The watermills of Trinity

The ancient commerce of Jersey was measured not in gold or silver, but wheat, the staple crop and the most convenient way of regulating the level of trade.
It proved also to be a most effective way for the powers-that-were to levy taxes through control of the essential process that converted grain into flour; in other words, milling.
The first mills were probably built by the seigneurs of the many fiefs that were established in the wake of the Norman Conquest and were an important source of revenue for them by taking a proportion (tithe) of product
Many ancient mills in Jersey were water mills, but there were a number of windmills on higher ground from St Ouen through St Peter, Mont Mado and Rozel to Grouville.
Water mills were much more numerous on lower ground along the streams that flowed down the valleys all across the island. Trinity had only four: Moulin de Haut, Moulin de Bas, Ponterrin and Augres.
When the English Crown battled over its French lands, losing all eventually, Jersey remained under its control and many of the mills became King’s Mills whose revenue went to the ruling monarch, but none of the Trinity mills were considered sufficiently large to gain royal attention.
Like modern-day emerging green technologies, the ancient mills, being essentially of two types; wind and water, were dependent on weather and had to contend with vagaries of climate, but neither were they free of disruption by human interference.

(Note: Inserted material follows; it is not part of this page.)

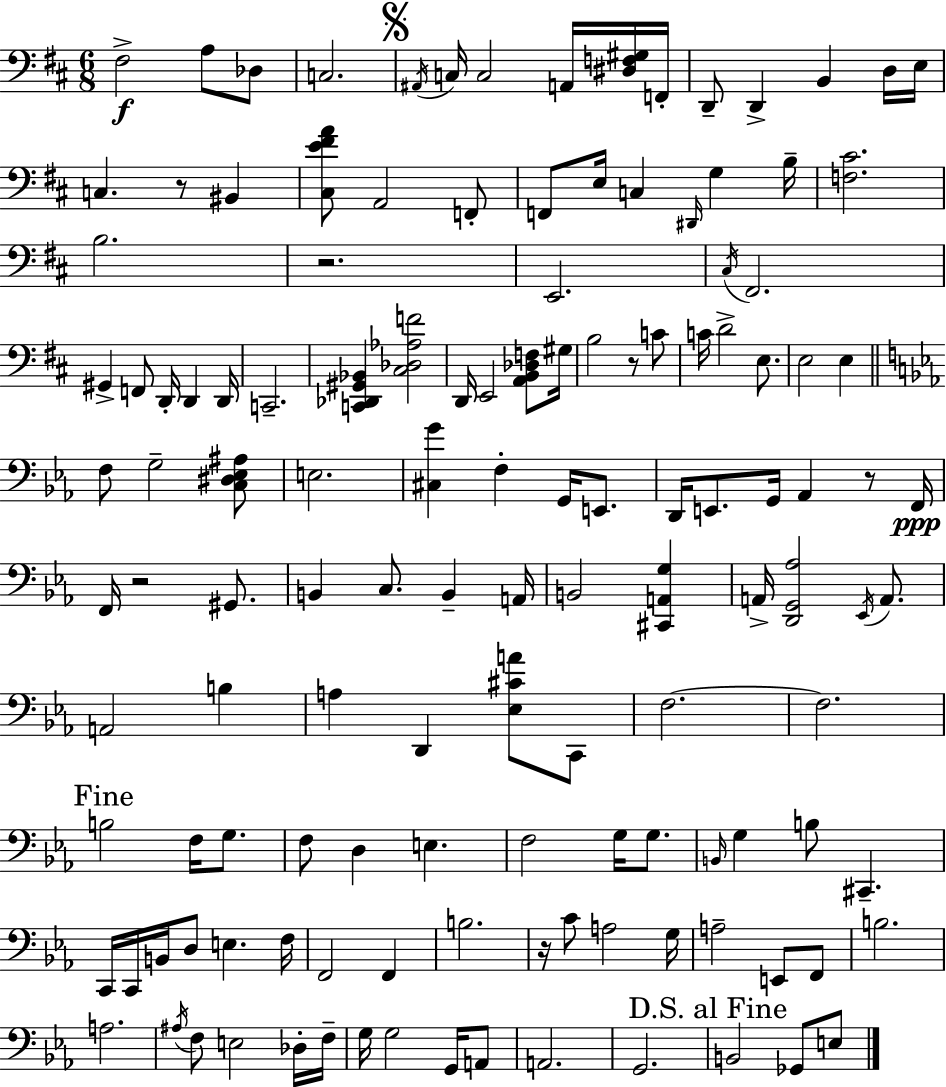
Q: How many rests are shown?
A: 6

In 1660 Josue Jennes, the miller at Ponterrin, was taken to task, not first the first or last time, by the millers downstream of him at Paul, Grands Vaux, Malassis and Prieure, for releasing water at night and swamping their mill ponds.

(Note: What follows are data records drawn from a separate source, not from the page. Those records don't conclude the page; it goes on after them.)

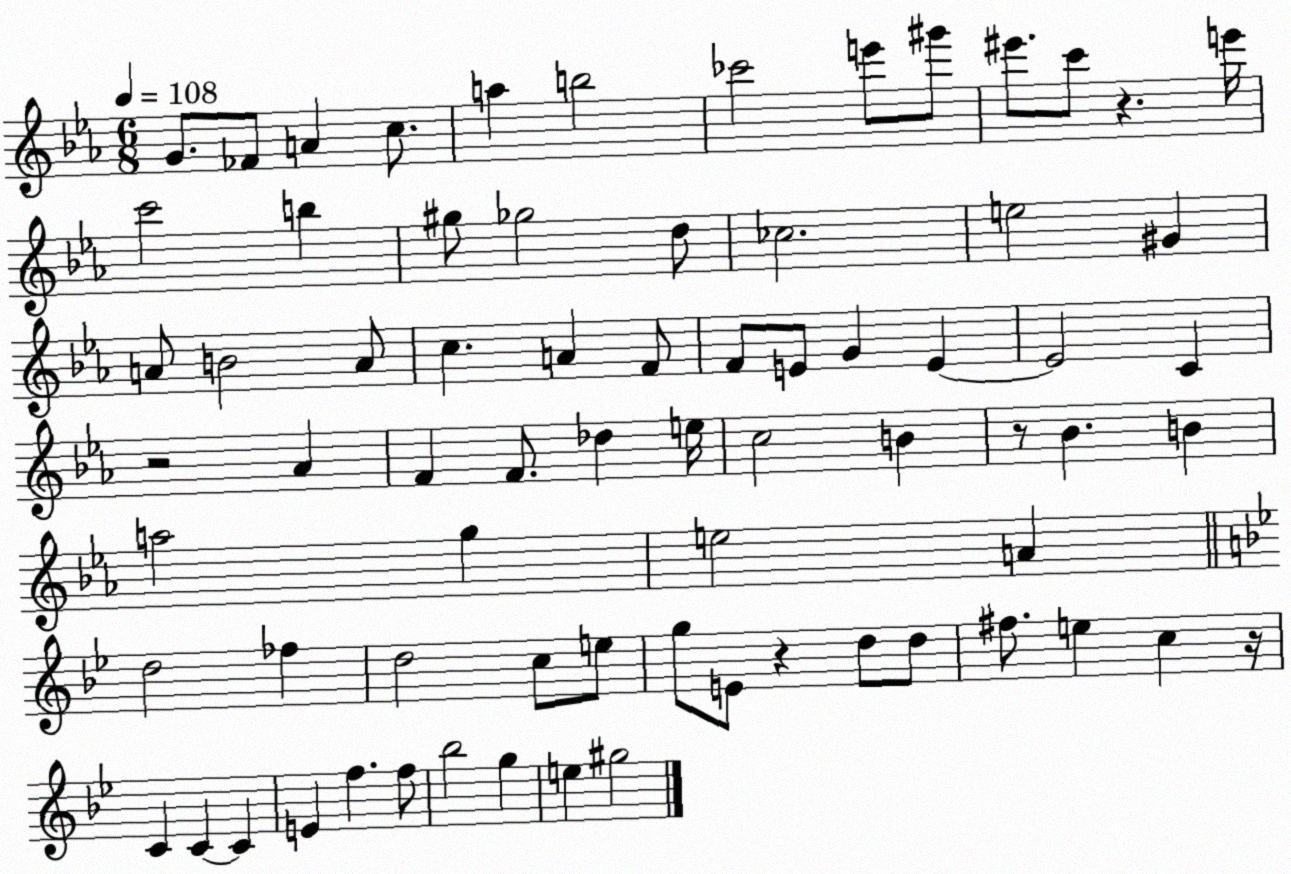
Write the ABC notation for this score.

X:1
T:Untitled
M:6/8
L:1/4
K:Eb
G/2 _F/2 A c/2 a b2 _c'2 e'/2 ^g'/2 ^e'/2 c'/2 z e'/4 c'2 b ^g/2 _g2 d/2 _c2 e2 ^G A/2 B2 A/2 c A F/2 F/2 E/2 G E E2 C z2 _A F F/2 _d e/4 c2 B z/2 _B B a2 g e2 A d2 _f d2 c/2 e/2 g/2 E/2 z d/2 d/2 ^f/2 e c z/4 C C C E f f/2 _b2 g e ^g2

By the late 1700s, control of the mills had been grasped by a small number of families, often related through marriage, which created, in the view of the ‘’Gazette de Jersey’’, an ‘abominable monopoly’. Little was done to rectify this abuse, which culminated in the bread riots of 1847.
- There is no trace of Moulin de Haut which, according to old maps, was somewhere in the vicinity of Trinity Primary School at the confluence of two streams.
- Moulin de Bas is a fine house some half a mile downstream, which has a restored wheel. An engraving of 1900 shows the old wheel still intact but a later one shows only the spindles.
- Ponterrin Mill, the third on the same stream, now exists as a ruin but was established at least as early as 1066 when it is mentioned in a decree of Duke William of Normandy (the Conqueror).
- The fourth Trinity mill was Augres, which was situated in Vallee des Vaux some few hundred yards above Nicolle mill, now better known as The Harvest Barn.
Further downstream, in St Helier, was Grand Vaux mill, which took extra flow from a millpond in Trinity in the fief of Dielament.
It is odd to think that for centuries wind and water were the dynamos of the economy before becoming almost redundant, but are now, once again, although in greatly modified form, becoming one of the main sources of power taking the modern world into a sustainable future.